Consuming fire Fan into flame (yup, make whatever spiritual experience we're looking for bigger cause right now it's not very big)

A passion for your name (’name’ is an old framework for encompassing the whole being, so yes, a passion for God, unity, a universal coming together)

Spirit of God Would You fall in this place (I'm pretty sure we're going to hear a sermon next saying that you're everywhere so this line doesn't make sense but it's another way of us saying we were not here, now it's Sunday morning and we are here. We're putting down our phones and giving this a college try)

Lord have your way Lord have your way with us (gross, you can't say that anymore)

Come like a rushing wind (yup, Pentecost. Love that story, would have loved to have been there for that)

Clothe us with power from on high (on high vis-à-vis, within, the universe, a "higher" or better place. Not the upper atmosphere or outer-space. Clothes, good metaphor to wrap you head around, counter to the teaching of God changing your heart from within, we'll let is slide for artistic license and good use of metaphor)

Now set the captives free (I'm on board! If you could do this without us having to actually break any international laws that would be great)

Leave us abandoned to your praise (I swear, I'm not going to check my phone)
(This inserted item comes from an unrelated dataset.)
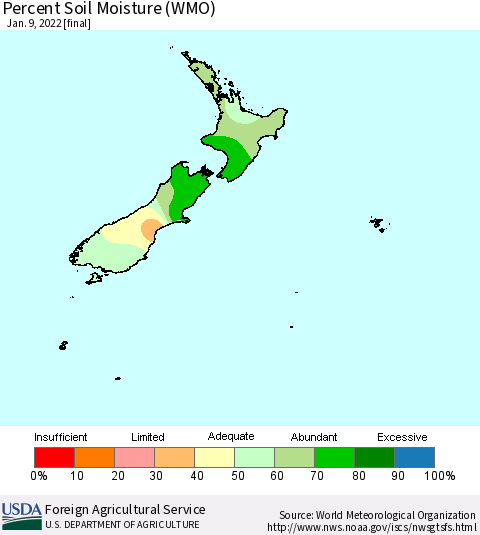 New Zealand Percent Soil Moisture (WMO) Thematic Map For 1/3/2022 - 1/9/2022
Lord let tour glory fall Lord let your glory fall (okay, okay, I'm here, I'm focusing, I don't know what's for lunch but I'll figure it out. Glory = that warm fuzzy feeling you get from being a part of something bigger than yourself. Fall, because we're sticking with the outer-space metaphor, not using clothing any more).
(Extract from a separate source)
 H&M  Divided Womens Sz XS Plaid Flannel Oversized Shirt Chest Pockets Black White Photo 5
Consuming fire (that's metaphor for a God or universal presence that isn't just passive but actively coming after us to make us better as a species. This is probably my favorite part because we can't really describe universal consciousness very well but I would love for it to be good and pure and pursuing me rather than a collection of all the conscious people on earth because my experiences with people have been typically underwhelming)

Fan into flame (again, it was small, trying to make it bigger, wait, we sang this already, no harm in repetition, especially since my expectations of people to engage with what they are saying is also pretty underwhelming so why not say it again)

A passion for your name (see above, I'm back on track)

Spirit of God Would you fall in this place (I wonder who's preaching today)

Lord have your way Lord have your way (NOPE)


Stir it up in our hearts Lord Stir it up in our hearts Lord Stir it up in our hearts (Ah yes, the bridge. I do like the bridge. Once you realize that we're here for a while you can actually relax for a second. You don't have to translate anything new for a minute. Feel the music. There is something special about a band who can nail the bridge really well. I felt this at a Walk Off The Earth concert too. Music is of the soul. Why have I allowed the church to own it my whole life when there are so many good songs out there. Classic rock....never appreciated that like I do now. Right, back to the chorus).


Okay, that's enough from me. I’m sure I’ve thought other things as well. The next time this song comes up I hope I think different thoughts too. I want my faith to be evolving and not stuck here. The song repeats different parts but I won't make you suffer through the rest. Thanks for listing to my latest track!